This evening, the world is spellbound by fog. I can’t see the field where rose-gold light often pools in the morning and the farmer’s cattle nose mounds of hay. No colors of twilight to gild the decaying trees. Earlier, the sky spun out fat, airy snowflakes, bits of cotton floating down to soften Earth’s surface. Must have been an hour that I rocked and rocked in the wicker chair and held your sister to my chest, her eyes blinking slowly at the falling sky, even as I felt you swimming in my womb.

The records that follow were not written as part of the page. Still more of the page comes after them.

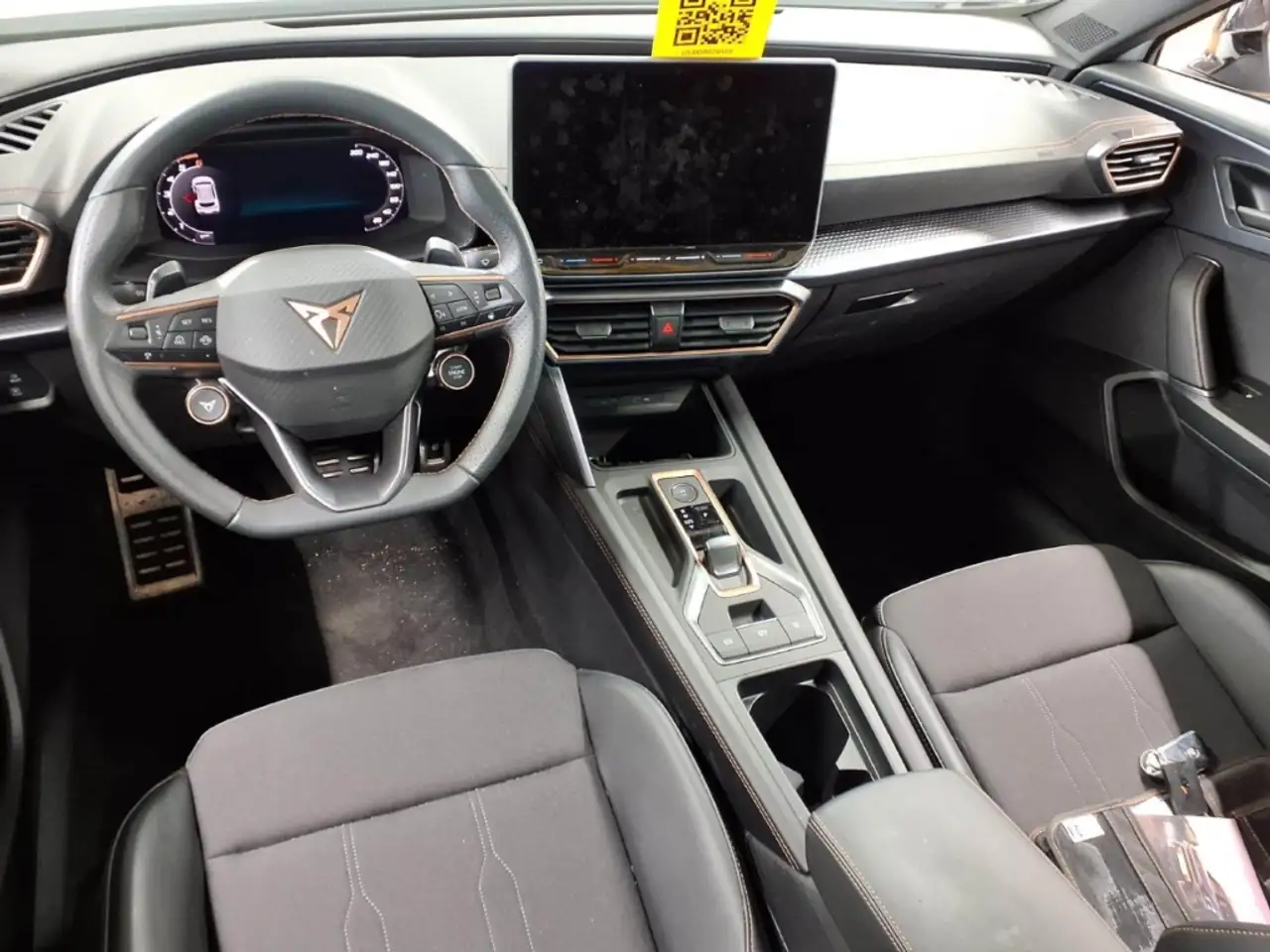 Cupra Formentor 3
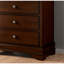 Commode 1 pièce de style Louis Philippe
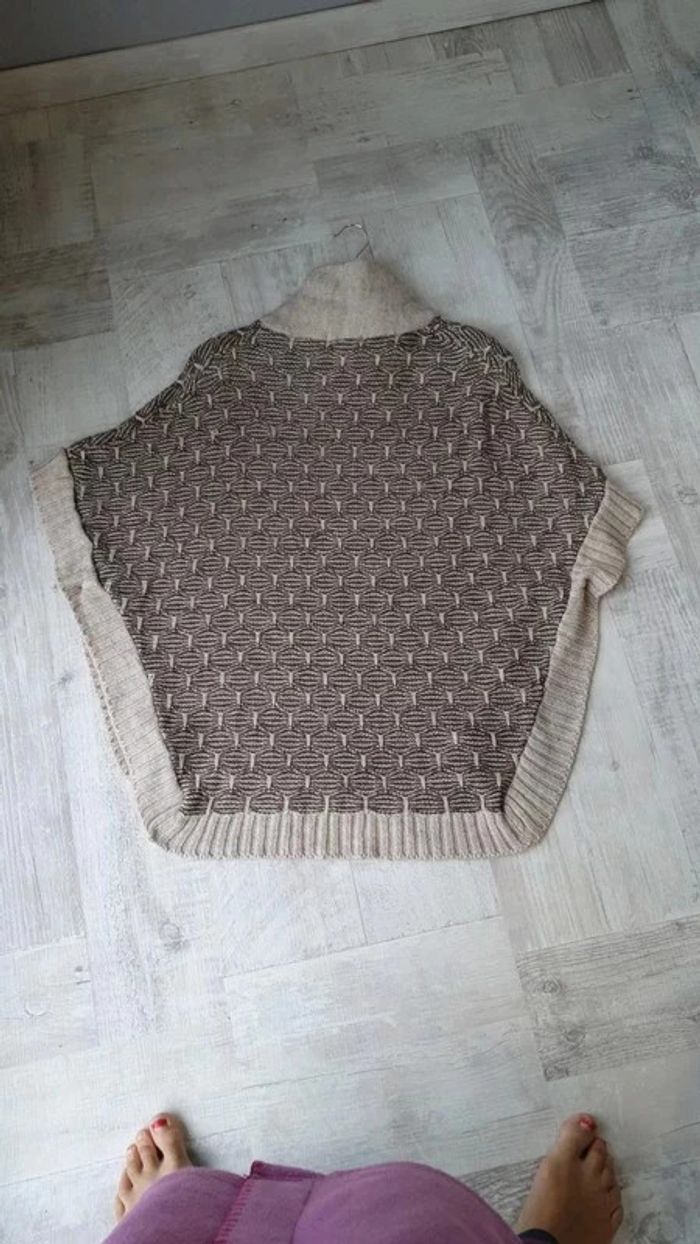 Poncho Taille unique - photo numéro 4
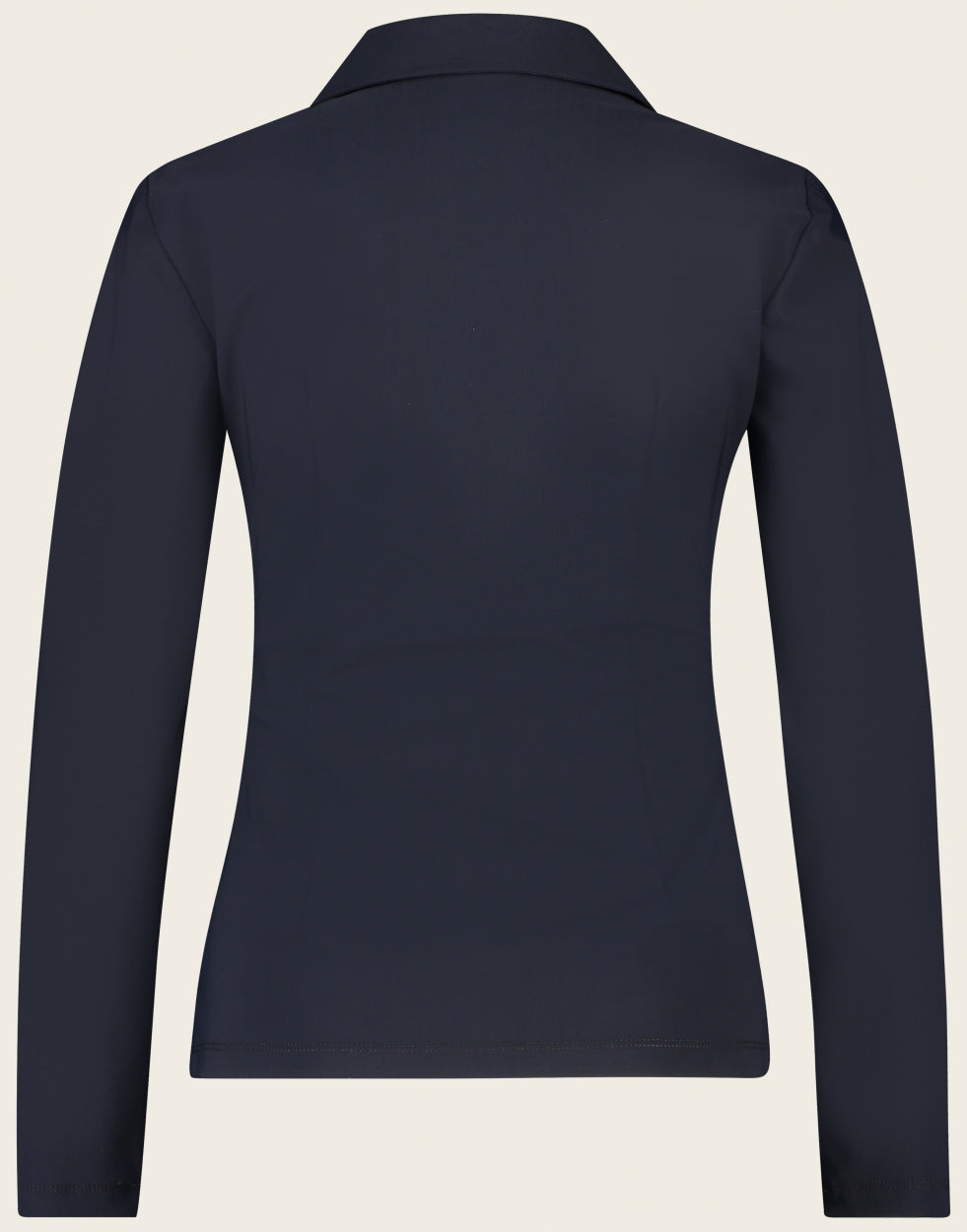 Blouse Kikkie Technical Jersey | Blue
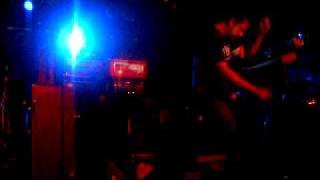 Kylesa, "Crowded Road" LIVE in Atlanta, Masquerade, 06-09-11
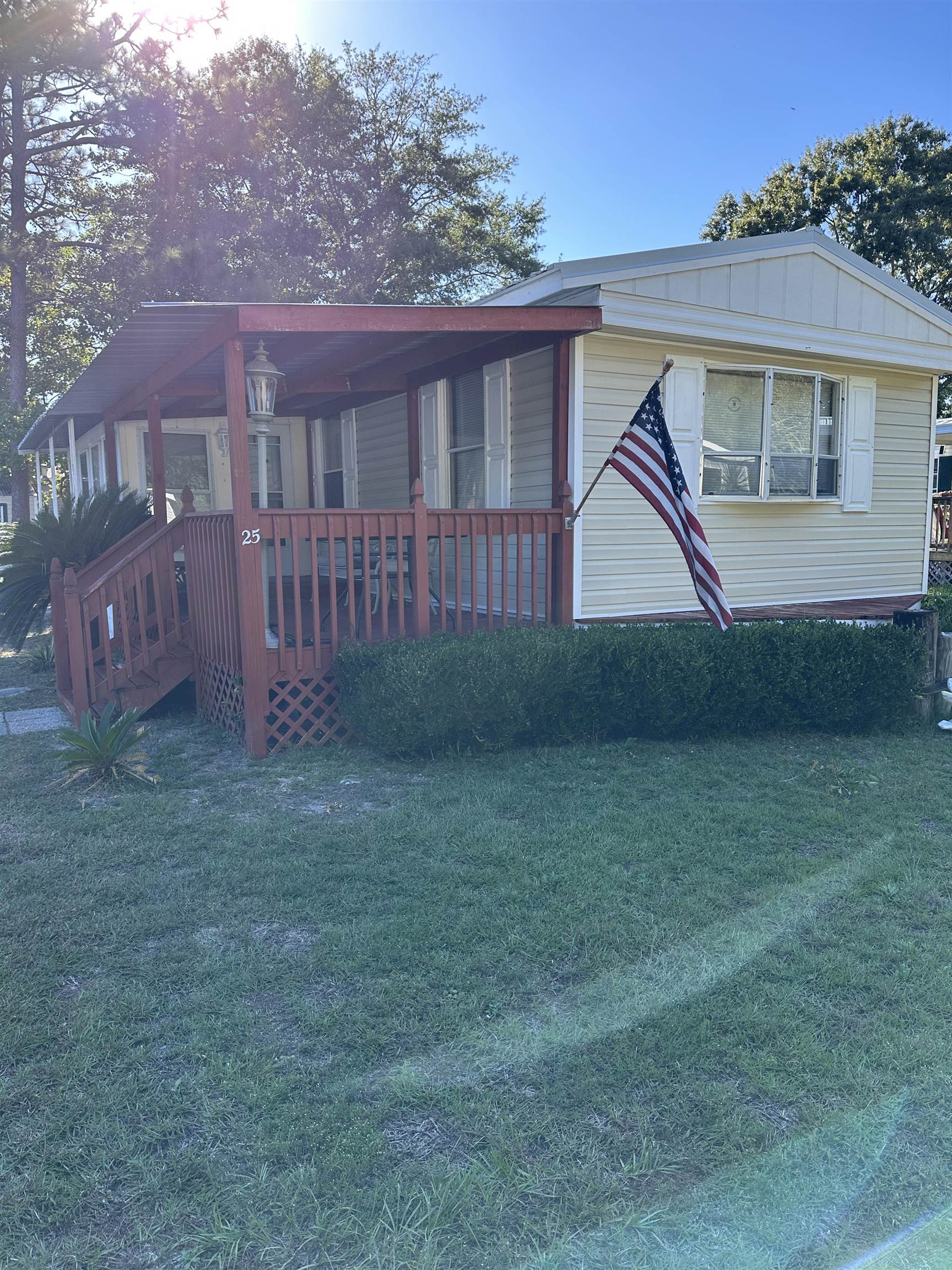 Photo 1 of Manufactured home for sale at 25 Offshore Dr, Murrells Inlet, SC 29576 | MLS# 2624741 | Listing updated on 2026-10-08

Those are the moments that remind me how beautiful is this gift called motherhood. You, embraced by me as much as Rosé was, with me as much as Rosé was, even though I can’t yet see you. I think unborn life this second time is even more surreal than the first. We know the joy Rosé has brought us—immense joy—and it’s difficult to fathom how another child will gift us with yet more joy, but in a different form. What will set you apart from your sister, and how will you mirror her? What beauty will you unfold in our life through your life?
Somehow, I will again fall in love in a moment and come to know the secret pathways of a garden never yet known by anyone but God, an unrepeatable soul. I am moved to stunned silence at the responsibility your existence—and Rosé’s existence—demands of your father and me. You wouldn’t be if we hadn’t aided the Creator in His craft. We’ve set you into eternal motion. You’ll never not be. You will know God and His love—greater than any pain—because you now are.
In a sense, I feel as if I am Mary, carrying miraculous life in my womb. How can this be?
You exist, sweet nameless one, because even before I, your mother, existed, He was.